The forum convenes at 10 a.m. in the Assembly Room 101-A&B, National Research Center for Coal and Energy.
This bill creates incentives to meet an audit schedule where the Pentagon will have increased authority to reprogram funds without congressional approval, with notification still required, and the Pentagon will tell Congress which reports are obsolete, which will save taxpayer dollars by reducing unneeded bureaucracy.
Among provisions, no new major weapon system unless needed to fill an urgent national security need can progress past research and development until an audit is done.
In other congressional news, Sen. Jay Rockefeller, D-W.Va., was disappointed Republicans blocked a vote on his Cybersecurity Act of 2012.

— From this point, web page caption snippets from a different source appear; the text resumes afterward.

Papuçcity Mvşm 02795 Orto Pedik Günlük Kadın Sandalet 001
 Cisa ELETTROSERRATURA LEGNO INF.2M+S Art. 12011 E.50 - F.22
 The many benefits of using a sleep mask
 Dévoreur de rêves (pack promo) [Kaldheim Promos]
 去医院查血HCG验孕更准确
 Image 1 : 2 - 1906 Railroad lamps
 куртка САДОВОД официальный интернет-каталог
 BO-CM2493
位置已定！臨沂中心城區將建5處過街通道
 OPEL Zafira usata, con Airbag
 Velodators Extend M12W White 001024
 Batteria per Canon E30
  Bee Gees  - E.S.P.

"We worked hard for more than three years and now because a handful of Republican senators are afraid of crossing the Chamber of Commerce's beltway lobbyists, we may end up with nothing on this urgent issue," he said. "The only thing more upsetting than the chamber sinking this bill is the attempt by some to demand a vote on repealing health care coverage for families across the country and new preventive care offerings as a condition for voting on cyber security. To combine those two issues is a cynical, political ploy."
Manchin introduced an amendment to the Cybersecurity Act to ensure infrastructure has enough backup power. The amendment, supported by Rockefeller, would require the Government Accountability Office to conduct a study to determine whether both public and private infrastructure have enough backup services to endure both natural and man-made disasters.
"In the aftermath of the severe storms that hit West Virginia and the entire East Coast this summer, we learned that our nation's infrastructure is extremely vulnerable. Now imagine if the outage was because of an intentional attack," Manchin said. "Up and down the East Coast, our electric grid was crippled by the storm because there is no backup plan that would keep the vital necessities of life running during these major storms."